Ali-Reza Nikzad, a spokesman for the Petroleum Ministry, confirmed on Monday, April 23, that in recent days the information systems of the Petroleum Ministry and the National Petroleum Company have been under a cyber attack. He said that the virus, which attacked the computers for the purpose of deleting the information they contained, burned the motherboards of computers connected to public servers and deleted some of the information. He stressed, however, that the most important information of the Petroleum Ministry was intact, since the public servers attacked operate separately from the main servers, which are not connected to the external internet network.

Iranian news agencies reported that servers used by the Petroleum Ministry and a number of related companies had been attacked by a virus dubbed “Viper”. As a result of the attack, Iran’s main oil terminal in the Persian Gulf island of Kharg was disconnected from the internet to avoid further damage. Also cut off were all the internet systems in the Petroleum Ministry, the National Petroleum Company, the National Gas Company, and several other companies associated with the oil sector and petrochemical industries. According to the Iranian media, the cyber attack caused no damage to oil production and export and did not disrupt the country’s gasoline supply systems. Following the cyber attack, the Petroleum Ministry established a crisis headquarters.

Fars News Agency said that the cyber attack is yet another expression of the economic war waged by the West against Iran, whose main objective is to hit the strategically important oil sector. Western countries, according to Fars, are trying to carry out a cyber attack against the oil sector due to the failure of the economic sanctions they have imposed on Iran.

The Supreme Leader has recently issued a directive on the establishment of a “Supreme Cyber Council” for the integration of efforts to prevent cyber attacks. The new council was instructed to promptly establish a “National Cyber Center” to take charge of issues pertaining to cyberspace in Iran and elsewhere, including software, hardware, and internet content.

Iranian diplomat’s involvement in sexual abuse in Brazil causes media storm

The involvement of an Iranian diplomat in sexual abuse in Brazil has Iran’s media in a frenzy. Hekmatollah Ghorbani, 51, a diplomat stationed in the capital of Brazil, was questioned by police in Brasilia last weekend on charges of molesting two girls aged 9 and 14 at a local swimming pool. He was released under diplomatic immunity.

The Iranian embassy in Brazil denied the allegations against the diplomat, claiming it was a misunderstanding which resulted from “cultural differences” between the two countries. Foreign Ministry Spokesman Ramin Mehmanparast denied the allegations as well, saying that the media reports in Brazil are not indicative of reality and are not consistent with the diplomat’s past background.

The incident and the Foreign Ministry’s reaction drew strong criticism from some media in Iran.
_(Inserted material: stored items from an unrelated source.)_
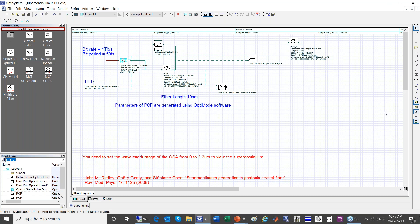There is also a question about whether the dispersion curve shown was done with a sweep — yes, that was done with a parameter sweep in the OptiMode product. We thank everyone for attending the webinar. The recording will be available later on, and we'll send responses to all the questions to everyone. If you have any further questions, you can reach us at support at optiwave.com or at the individual emails listed in the presentation.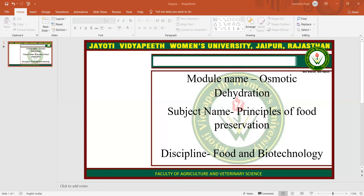Advantages of Osmotic Dehydration include quality improvement in terms of colour, flavour, and texture; lower energy requirement; packaging and distribution cost reduction; retention of nutrients during storage; and better retention of volatile flavours with reduced tissue damage compared with conventional air and sun drying processes.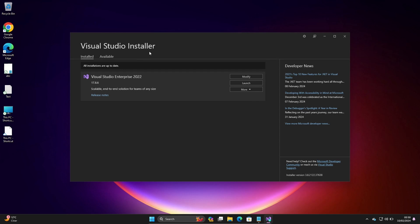Visual Studio installer is completed. After that, click on the launch button.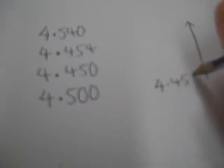So 4,450 is the smallest, 4,454 is next, 4,500 is next and 4,540 is the largest.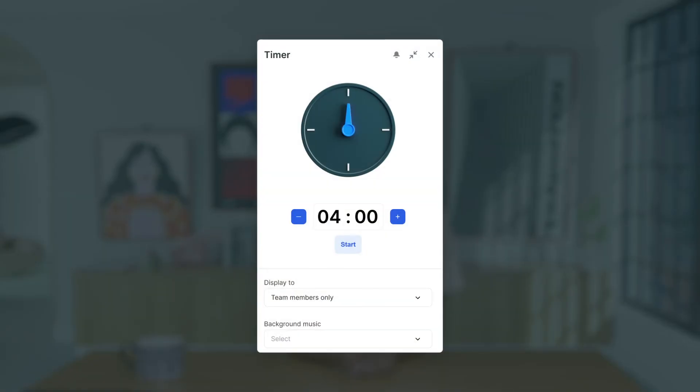I recommend including the time limit in the agenda and mentioning the start and end times for the breakout room sessions. With Livestorm, you can even use the timer app in the breakout rooms to make sure that no one loses track of time. And finally, ask for feedback. The surest way to really know how you can optimize a breakout room experience is to ask participants for their feedback.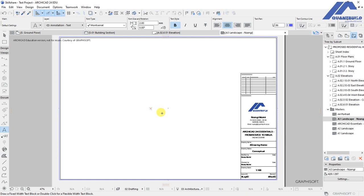In this lesson, I will introduce you to quantity takeoff and cost estimation in ArchiCAD. We'll extract all quantities from ArchiCAD interactive schedules, save that as an Excel file, and from there we'll edit that Excel file, apply some formulas, and come up with the cost of constructing that wall.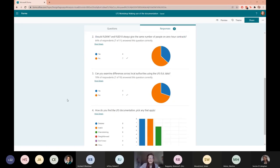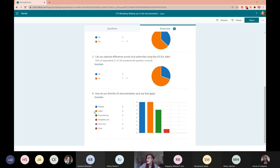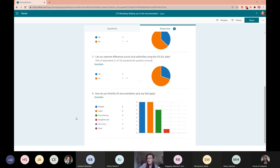The next question: can you examine differences across local authorities using the EUL data? The answer is no — there is a variable for local authority, but only in the APS. To see if this research would be possible with the APS, you would need to check whether zero hours contract variables are held in the APS, which you could find through the documentation. Finally, looking at the summary of how everyone found the LFS documentation: lots of people found it detailed and useful, others found it overwhelming, which is understandable given there are about 11 different volumes, and one person found it straightforward.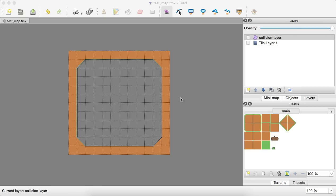Hey everyone, welcome back. So this time we're going to be finally getting those polyline objects parsed from our tiled map and created into body objects or chain shapes into our Box2D world. That way our player can collide with it and we can make interactable maps just from tiled, and it'll do all the work for us once we create our utility class which will allow us to parse out these objects and build them for us.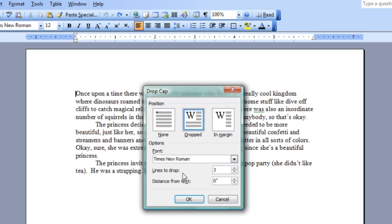Let's go with the standard dropped drop cap so we can see what it does. And once we click that, you can see it gives us options for font, the number of lines to drop, the distance from the text, all these kinds of things. We'll go with the standard default for now because it'll show you what it looks like.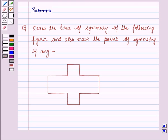Hello all and welcome to the session. Today the question is: draw the lines of symmetry of the following figure and also mark the point of symmetry, if any.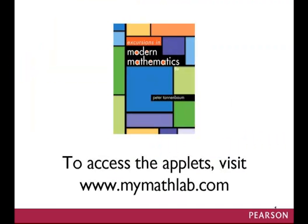So that's one example, but there are many more. To access these and other applets, visit MyMathLab.com.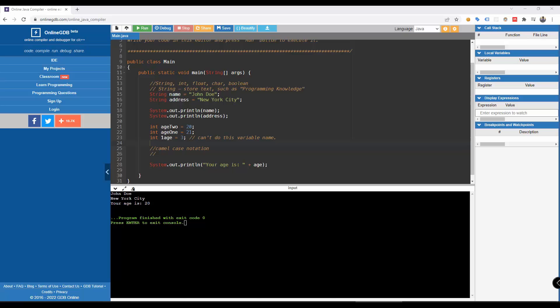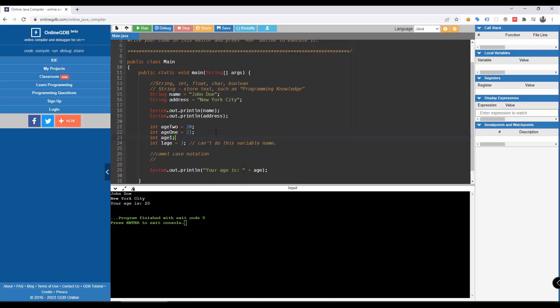The rules for naming variables are: all variable names must begin with a letter of the alphabet, an underscore, or a dollar sign — though the convention is to always use a letter. The dollar sign and underscore are discouraged. After the first letter, variable names may contain letters and digits (0–9). No spaces or special characters are allowed in variable names.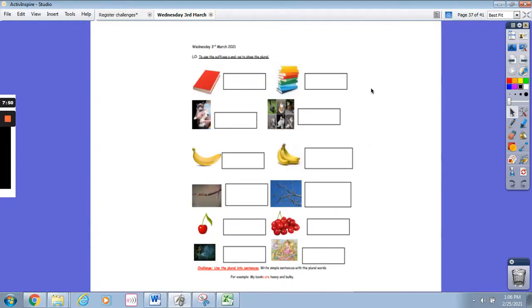For today's lesson you're going to turn the singular word into the plural word. You need to look at the pictures, write down what the singular word is — for example, this one's going to be book. When there's more than one book it turns into books. You then need to decide: is it going to be an s on the end or an es? Remember the rule.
The conservative daily Jomhuri-ye Eslami said that the reaction of the Foreign Ministry does not answer the question of whether the diplomat was actually present at a mixed- gender swimming pool. The newspaper demanded explanations from the Foreign Ministry about the issue, and wondered why it does not control the behavior of its employees. The Tabnak website, too, expressed surprise over the reaction of the Foreign Ministry, saying that the reaction causes damage to Iran’s reputation. The website compared the Foreign Ministry’s handling of the incident to President Obama’s strong reaction to his bodyguards’ involvement in a nightclub brawl during his visit to Colombia several weeks ago.

Mehr News Agency also harshly criticized the Foreign Ministry for its reaction to the incident, saying that it reflects the problematic and inappropriate conduct of the Foreign Ministry and Iranian diplomats stationed abroad. A commentary article published by the agency cited several examples of past incidents as evidence that the Foreign Ministry does not exercise sufficient control over the conduct of diplomats in other countries.



Iran steps up demands for the West to lift sanctions ahead of new round of nuclear talks in Baghdad

Tehran’s Friday prayer leader Ayatollah Ahmad Jannati has warned Western countries this week that persisting with a policy based on sanctions and pressure on Iran will spell failure for the nuclear talks. During his weekly Friday sermon, the top cleric said that the West must lift the sanctions imposed on Iran to gain the trust of the Iranian people and convince them that the West is no longer interested in being hostile. Speaking about the nuclear talks in Istanbul, Jannati said that the talks had been successful since the West agreed to officially recognize Iran’s right to enrich uranium for peaceful purposes, and accepted the Supreme Leader’s statement that manufacturing nuclear weapons is forbidden in Islamic religious law (Fars, April 20).

Jannati’s demand to lift the sanctions was echoed this week by other Iranian clerics and top officials. Mohammad Sa’idi, the Friday prayer leader in the city of Qom, said that, with Iran having demonstrated its good intentions towards the West, it is now up to Western countries to demonstrate their good intentions towards Iran by lifting the sanctions. The world must realize that the Iranian people do not understand the language of power, Sa’idi said. Mohsen Mojtahed Shabestari, the Friday prayer leader in the city of Tabriz, stated that the Iranian people are still not convinced that the West recognizes the nuclear rights of their country, and believe that if Western countries do recognize Iran’s rights, they must lift all sanctions and revoke all resolutions passed against it (Fars, April 20).

At a speech given before the Friday prayer in Tehran, Majles Speaker Ali Larijani also discussed the continuing sanctions, saying that they are intended to stop the country’s development. He noted that claims about the economic sanctions having been imposed on Iran for its nuclear activity are strange and perplexing coming from the United States, which supports a “Zionist regime” that has several hundred nuclear warheads. While the U.S. president declares that the security of Israel is the security of the United States, his country imposes sanctions on Iran, whose Supreme Leader has issued a ruling that bans the manufacture, possession, and use of nuclear weapons. According to the Majles speaker, the pressure exerted by the United States on Iran results from the failures it suffered in the region over the last decade, which it blames on Iran.

Last week Foreign Minister Ali Akbar Salehi also called on the West to alleviate the economic sanctions imposed on Iran as nuclear negotiations are about to continue in Baghdad. In an interview to ISNA News Agency, Salehi said that the West needs to initiate trust- building measures ahead of the talks. Esma’il Kowsari, deputy chairman of the Majles Foreign Policy and National Security Committee, also announced that the next round of talks between Iran and the West should focus on lifting the sanctions and the non- proliferation of nuclear weapons in the world (Fars, April 21).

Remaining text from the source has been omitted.